_What is needed_:
Below are entries with pictures among them; reproduce exactly, and only, the lines from the one containing "The Only Gyroscopic Watch Winder" down to the one containing "2020 acura mdx technology sh-awd", without the pictures.

Crawled caption data
---

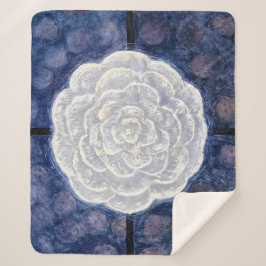 Manta Sherpa Rosa Blanca, No. 35 | Anna Cassel |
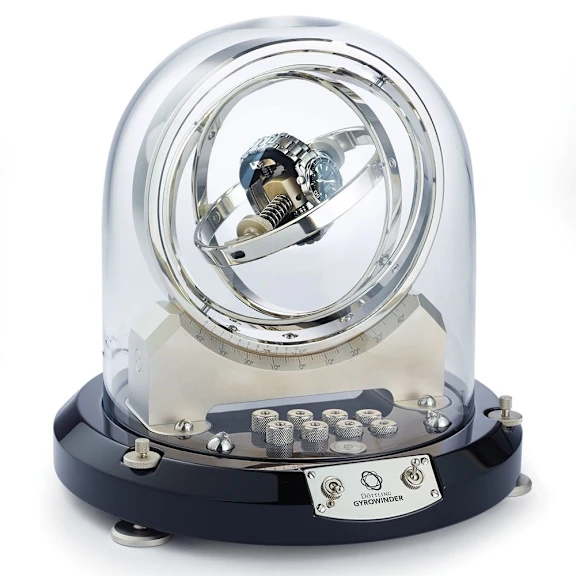 The Only Gyroscopic Watch Winder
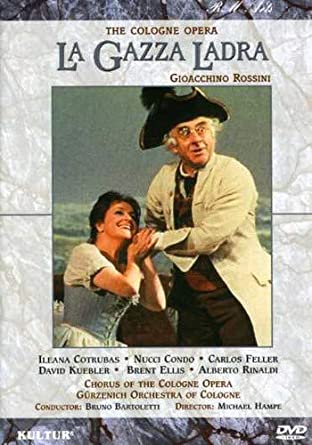 Opera)　(DVD)　Ladra　Gazza　La　(Cologne
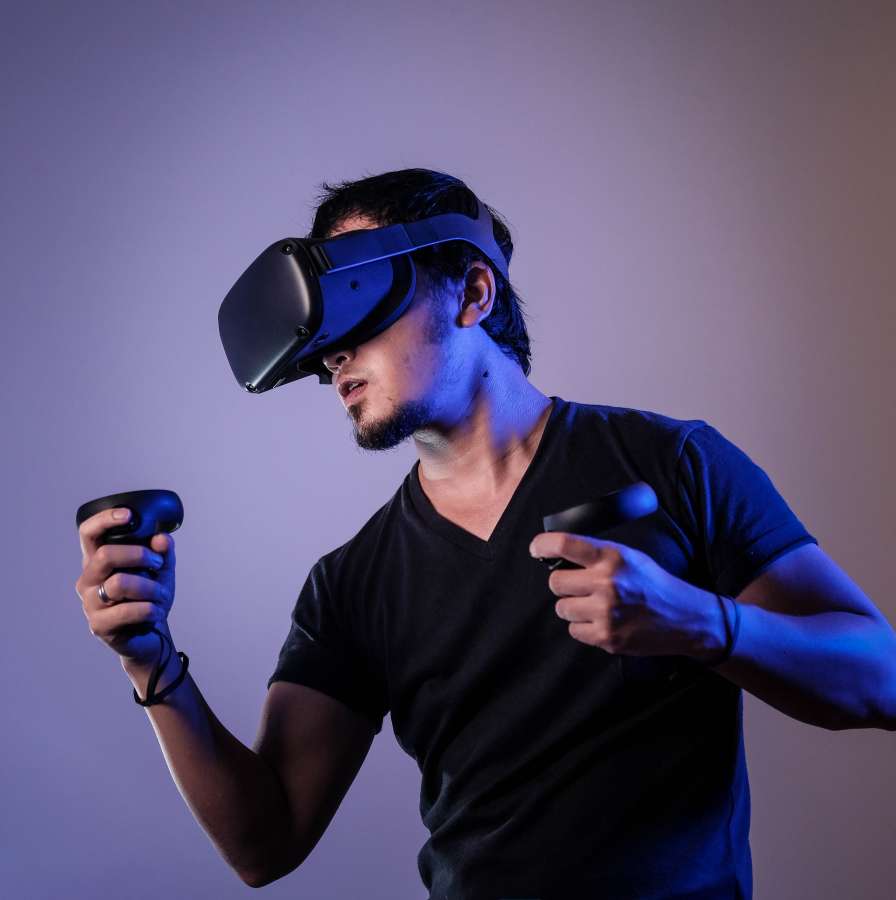 
futuristic, goggles, innovation, watching, person, man, technology, lifestyle, american, bluetooth, ecstatic, electronic, enjoyment, entertainment, excited, excitement, expertise, game, guy, headset, horizontal, interactive, internet, neon, vr, one person, photography, play, playful, playing, smart, surprised, tech, three-dimensional, touching, using, video, virtual, vision, wearing, young adult, device, eyeglasses, happiness, hobbies, looking, motion
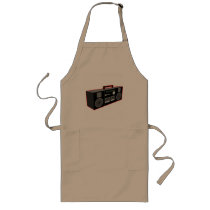 1980s Boombox Aprons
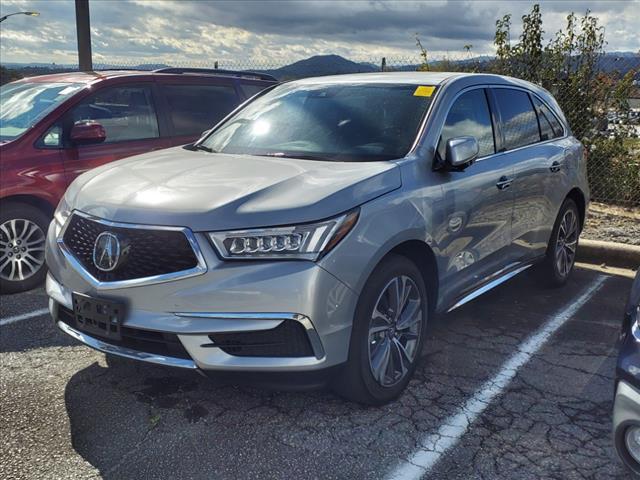 2020 acura mdx technology sh-awd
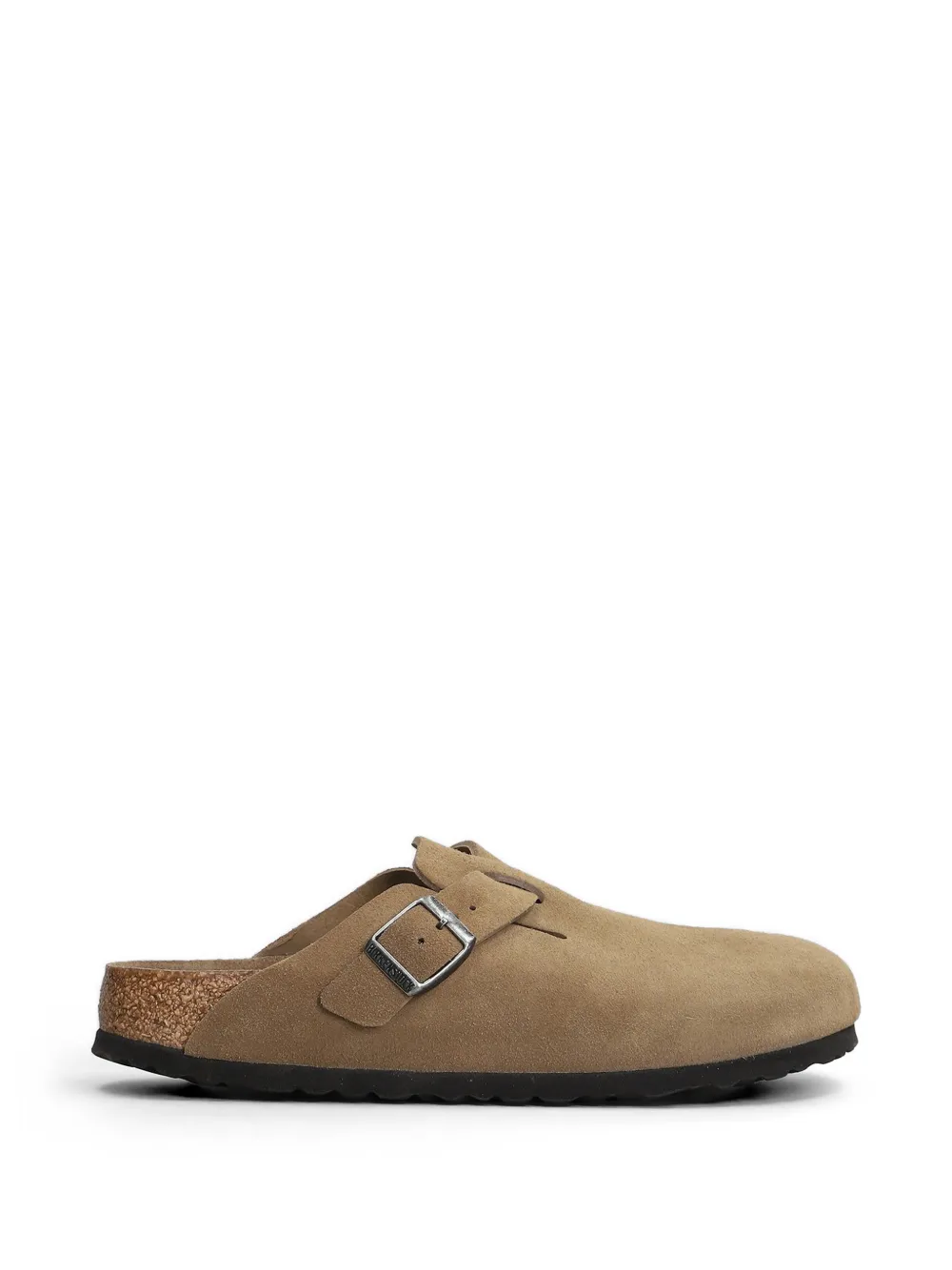 Birkenstock Boston buckle-strap slippers - Toni neutri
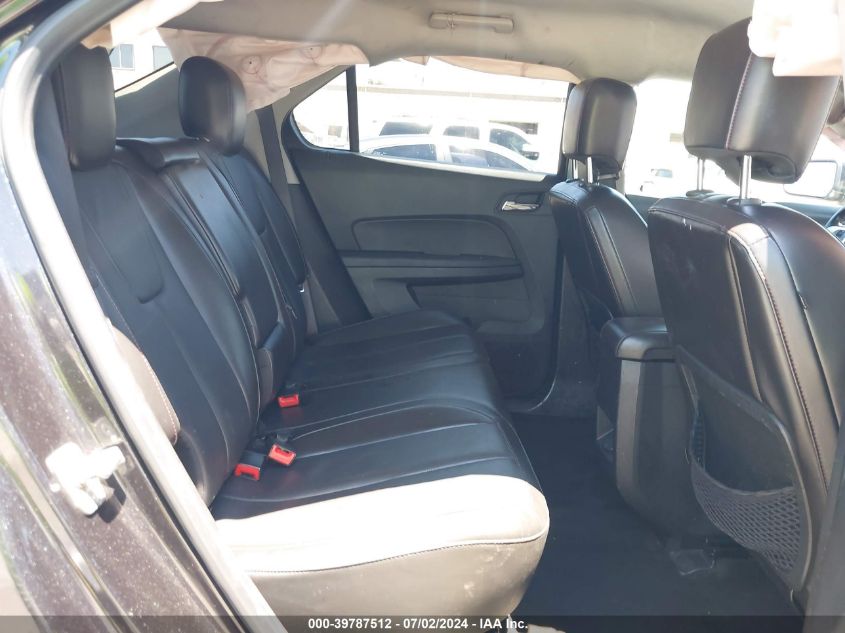 2012 Chevrolet Equinox 2Lt VIN: 2GNFLPE55C6320769 Lot: 39787512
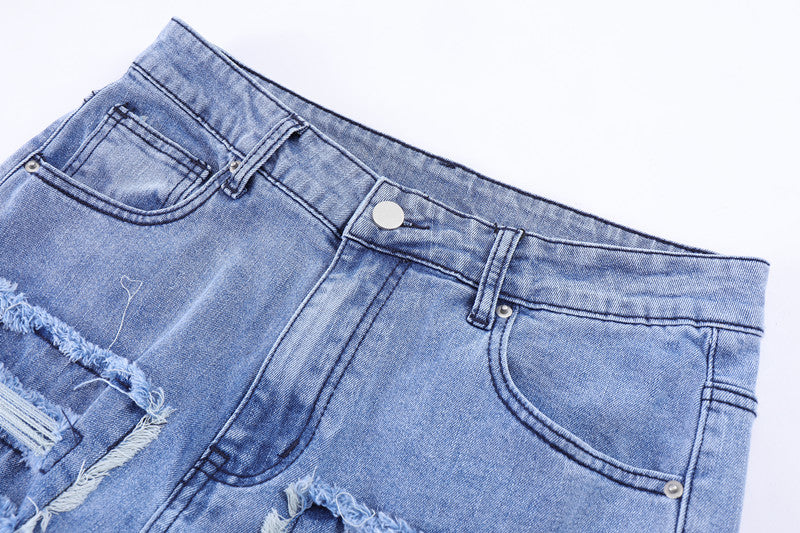 Style Core Aesthetics, New Style Trends - 'Ripples' Jeans Style Core Aesthetics, New Style Trends - 'Ripples' Jeans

---

_Task output_:
 The Only Gyroscopic Watch Winder
 Opera)　(DVD)　Ladra　Gazza　La　(Cologne
futuristic, goggles, innovation, watching, person, man, technology, lifestyle, american, bluetooth, ecstatic, electronic, enjoyment, entertainment, excited, excitement, expertise, game, guy, headset, horizontal, interactive, internet, neon, vr, one person, photography, play, playful, playing, smart, surprised, tech, three-dimensional, touching, using, video, virtual, vision, wearing, young adult, device, eyeglasses, happiness, hobbies, looking, motion
 1980s Boombox Aprons
 2020 acura mdx technology sh-awd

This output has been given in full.